Considered among the most important discoveries in modern religious history, its contents contained early copies of some of the Dead Sea Scrolls, early manuscripts of the Bible, and other sacred literature. The importance of the Genizah's contents rivals that of the Rosetta Stone, and by virtue of its sheer mass alone, it will continue to command our attention indefinitely.

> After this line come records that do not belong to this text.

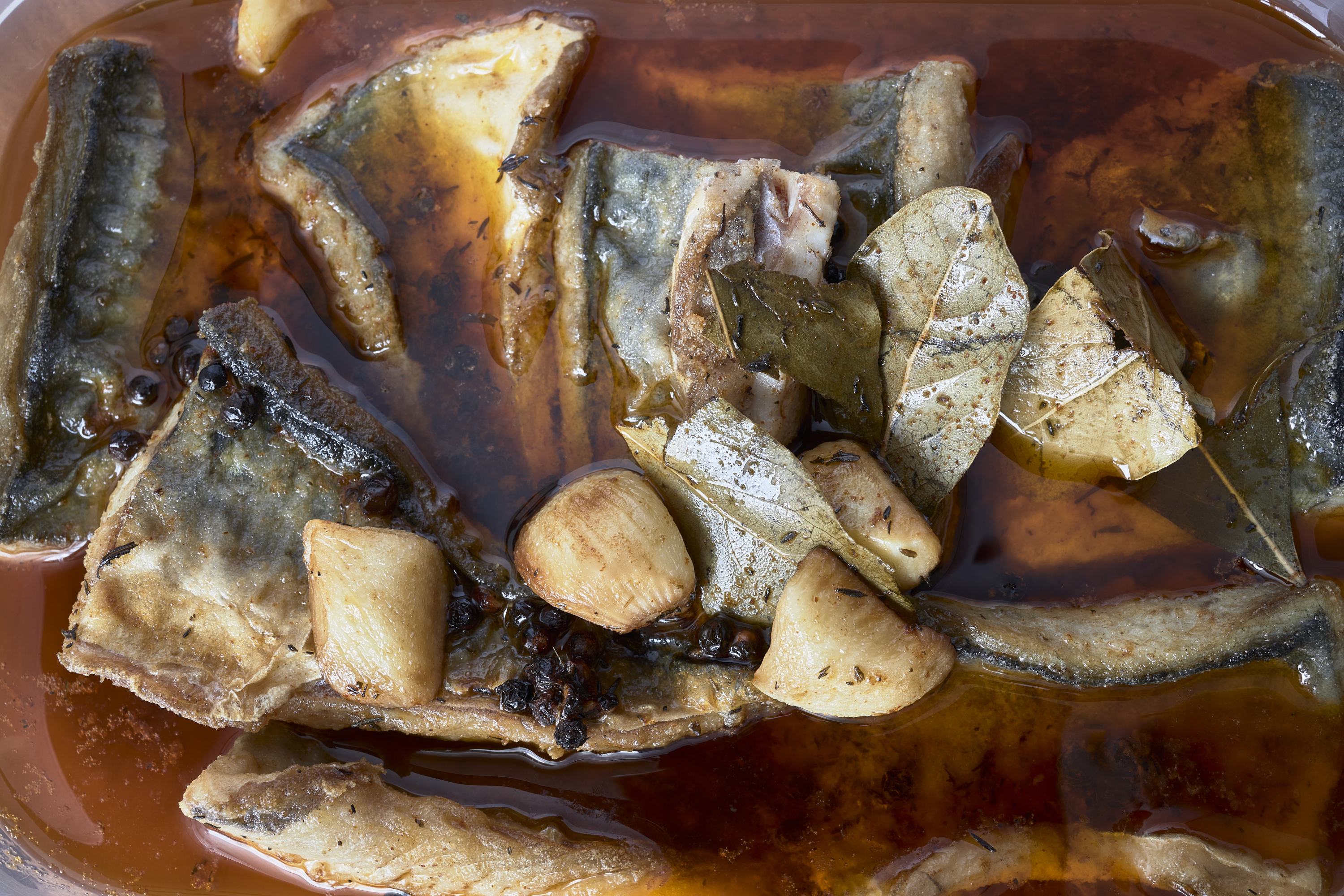 Caballa en escabeche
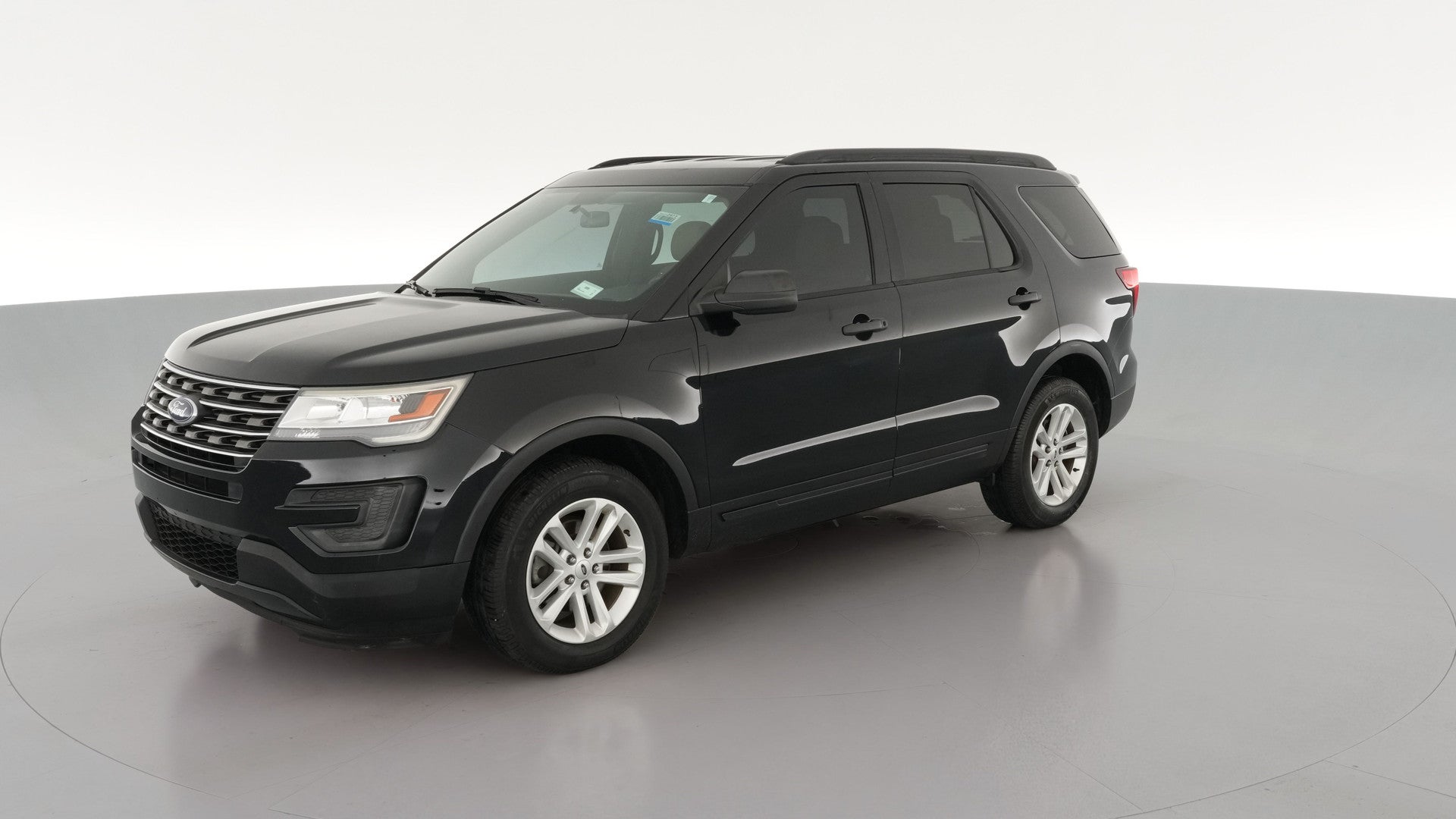 2017 Ford Explorer vehicle photo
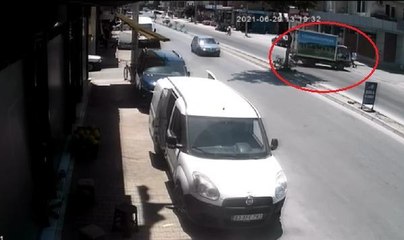 EL FİRENİ ÇEKİLMEYEN KAMYONET, GERİ KAYARAK HAFİF TİCARİ ARACA ÇARPTI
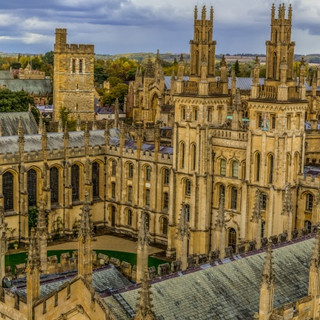 oxford-uk-16029580072Vt.jpg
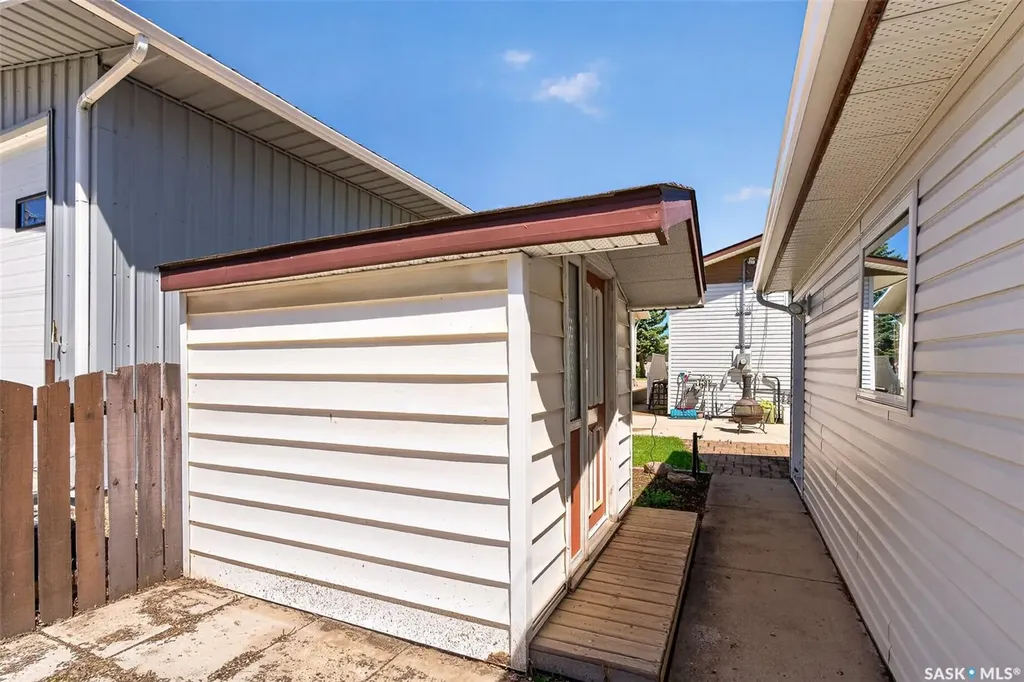 1027 Vaughan Street Moose Jaw SK S6H 5P1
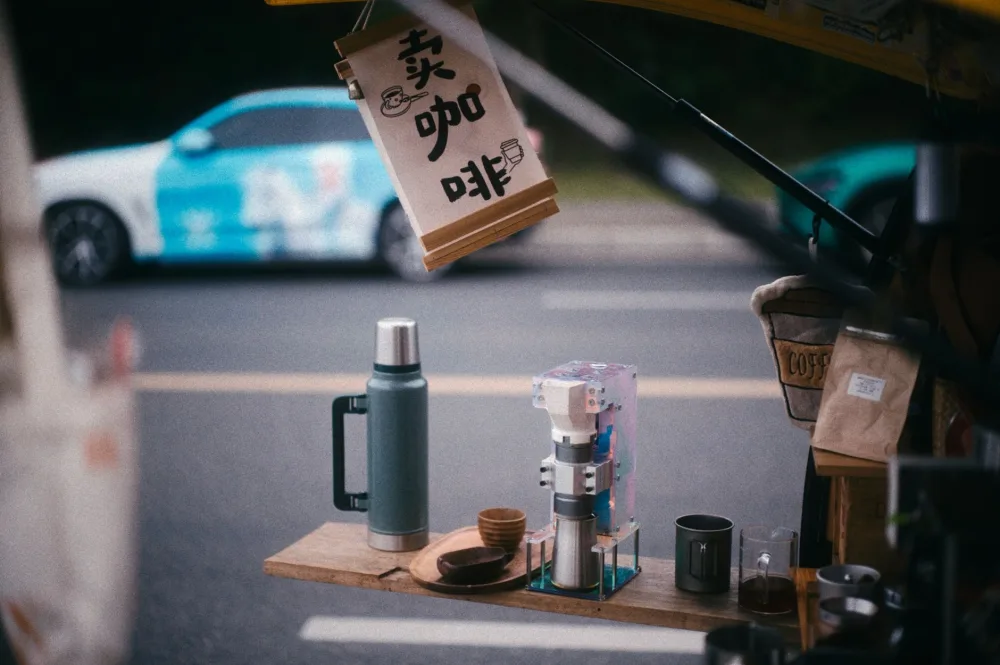 Cozy street coffee setup in Chengdu with thermos and cups on display, perfect for urban caffeine lovers.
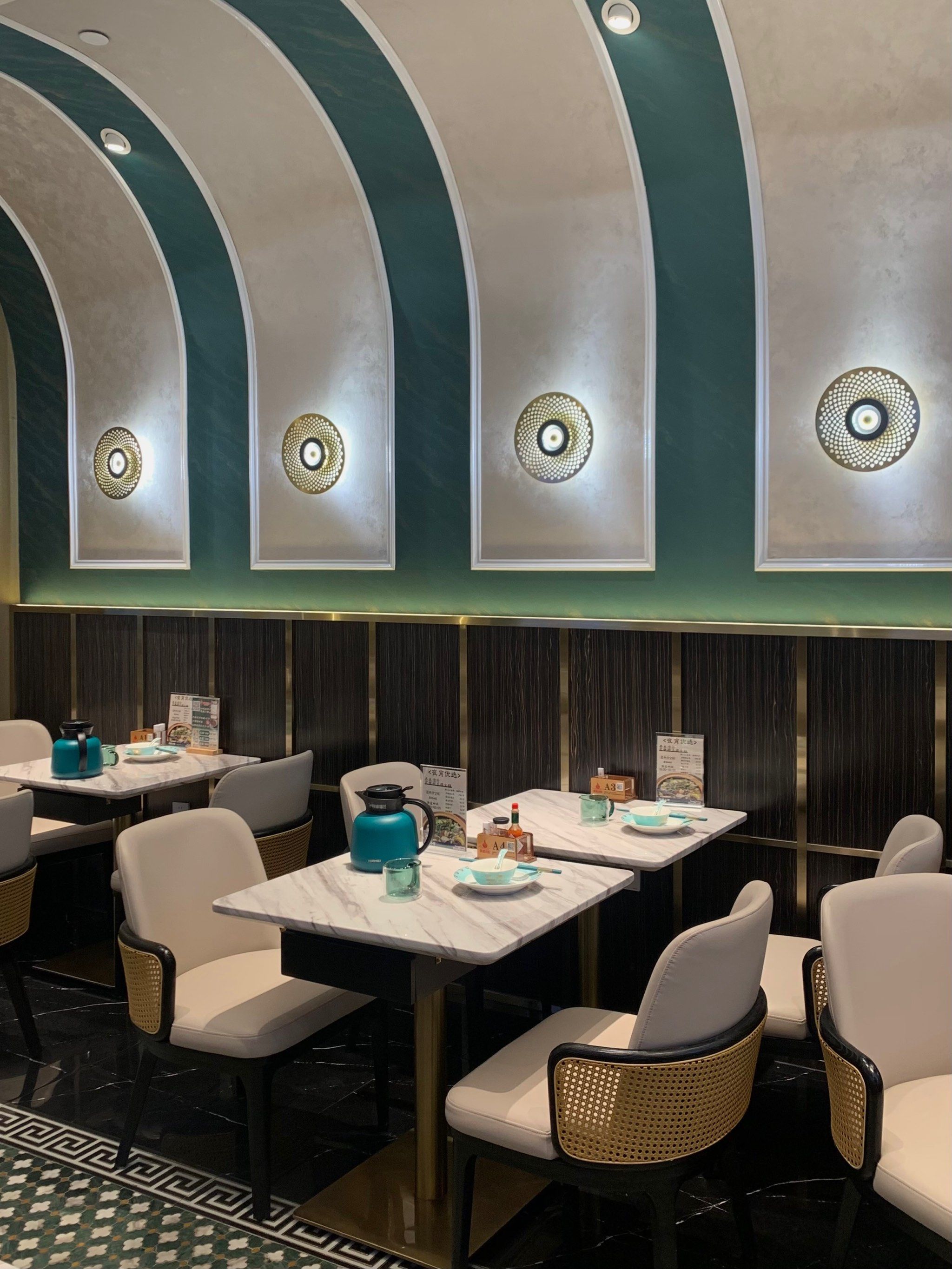 广州·精致复古的港式茶餐厅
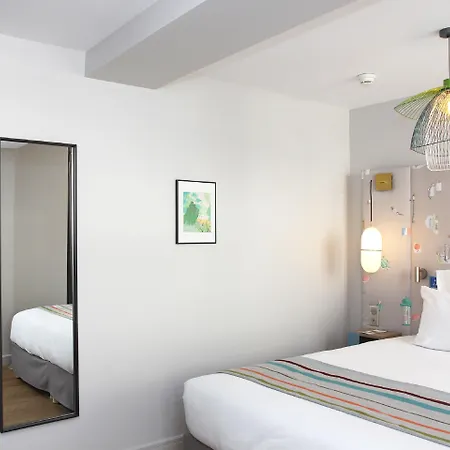 Litteraire Marcel Ayme, Bw Premier Collection Hotel Parigi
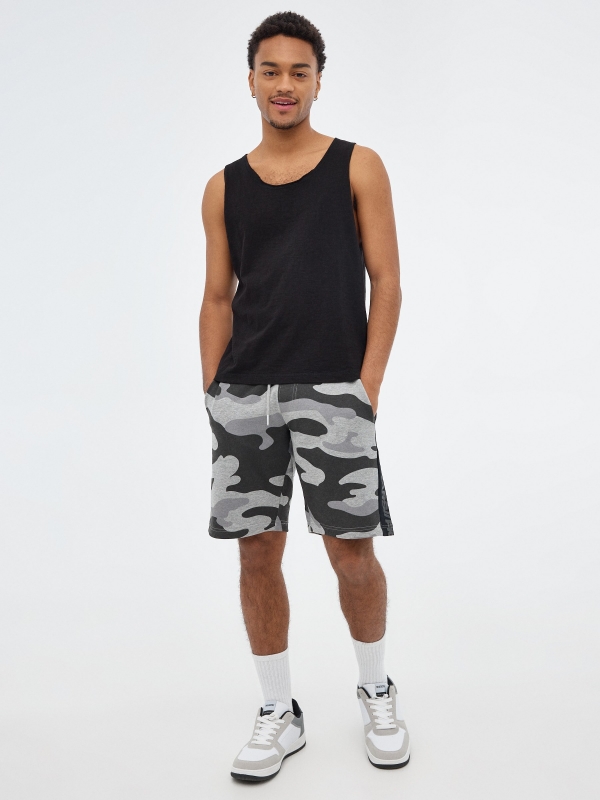 Camouflage jogger Bermuda shorts grey front view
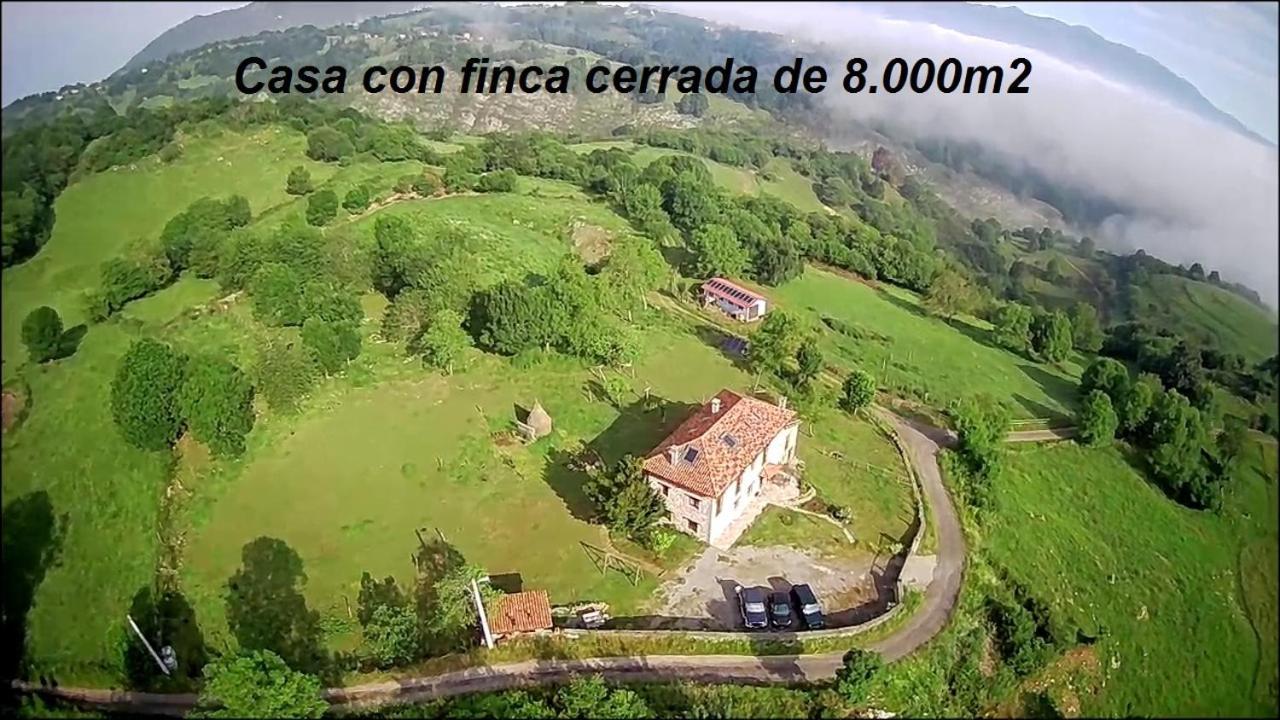 El Conventu Del Asturcon Casa de hóspedes Lago  Exterior foto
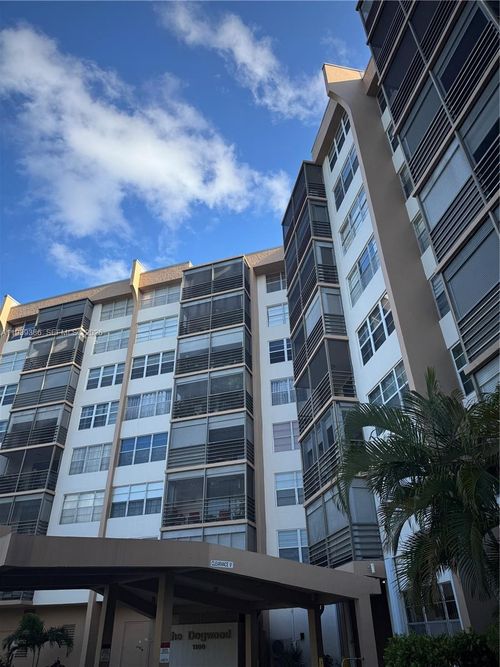 apt-203-1100 Saint Charles Pl, Pembroke Pines, FL, 33026-3323 | Card Image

Sacred Treasure - The Cairo Genizah is the first accessible, comprehensive account of this astounding treasure trove of documents and their discovery. It will delight listeners with its fascinating adventure story of why this enormous collection was amassed, how it was discovered, and the many lessons to be found in its contents. And it will inform listeners of how Schechter's find, though still being "unpacked" today, has forever transformed our knowledge of the Jewish past, Muslim history, and much more.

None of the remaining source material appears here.